● Description of the task
Leave the pictures out while you restate every entry below word for word.

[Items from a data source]
§ §
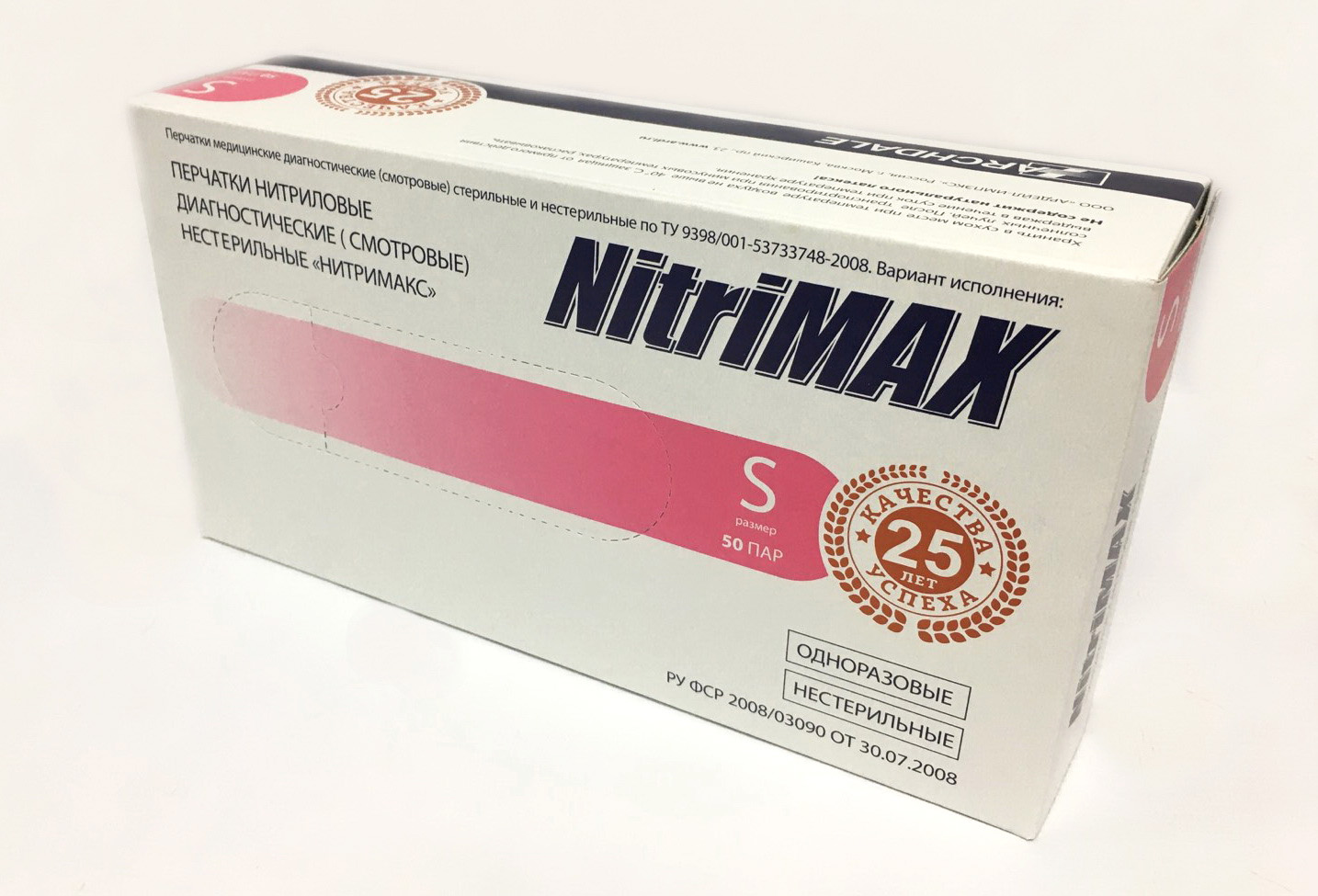 Одноразовые нитриловые перчатки Nitrimax (розовые) - 100 шт (50 пар) - НОВЫЙ товар от Джевел Лимитед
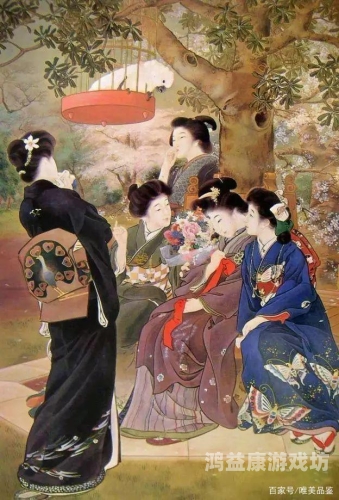 亚洲日本色色一区，探索日本独特文化与艺术表达亚洲区x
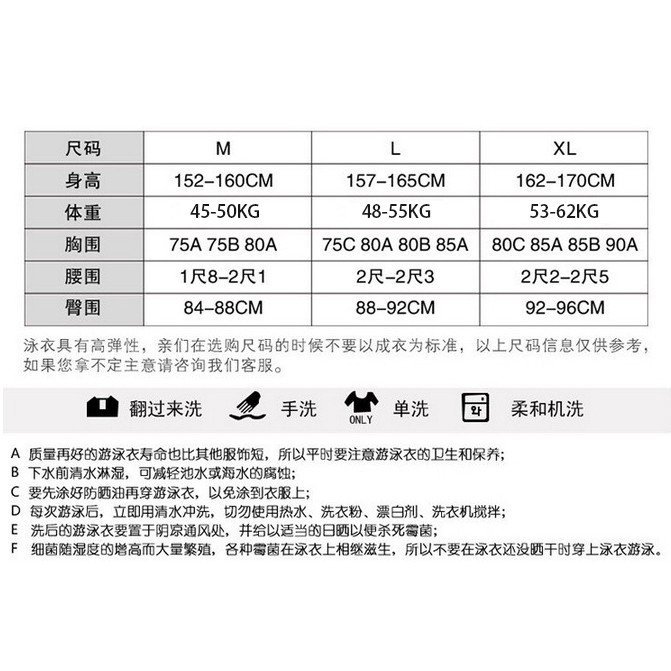 ✨✨性感比基尼 泳衣三組件 高腰 顯瘦泳衣 比基尼+漁夫帽 爆款網紅比基尼 游泳溫泉泡湯 游泳衣女 bikini  滿599免運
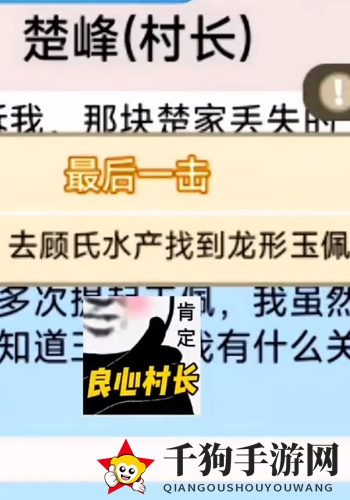 《不一样的奇遇》玉佩搜寻方法位置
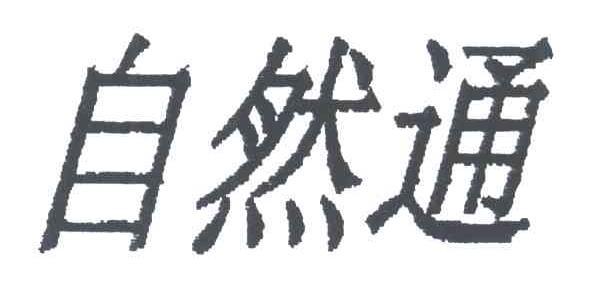 自然通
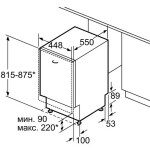 Встраиваемая посудомоечная машина Siemens SR 636X03ME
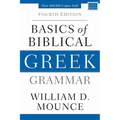 Basics of Biblical Greek Grammar: Fourth Edition - Hardcover
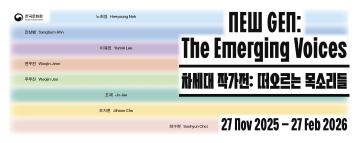  New Gen: The Emerging Voices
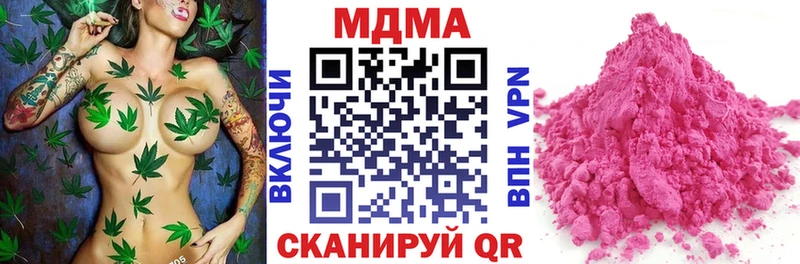 закладка  Тюкалинск  omg tor  MDMA молли 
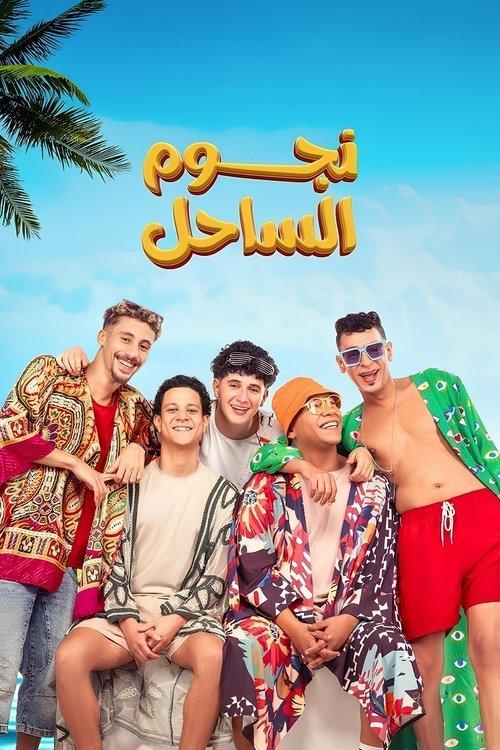 Coast stars 2025 official movie poster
§ §
● Solution below
 Одноразовые нитриловые перчатки Nitrimax (розовые) - 100 шт (50 пар) - НОВЫЙ товар от Джевел Лимитед
 亚洲日本色色一区，探索日本独特文化与艺术表达亚洲区x
 ✨✨性感比基尼 泳衣三組件 高腰 顯瘦泳衣 比基尼+漁夫帽 爆款網紅比基尼 游泳溫泉泡湯 游泳衣女 bikini  滿599免運
 《不一样的奇遇》玉佩搜寻方法位置
 自然通
 Встраиваемая посудомоечная машина Siemens SR 636X03ME
 Basics of Biblical Greek Grammar: Fourth Edition - Hardcover
  New Gen: The Emerging Voices
 закладка  Тюкалинск  omg tor  MDMA молли 
 Coast stars 2025 official movie poster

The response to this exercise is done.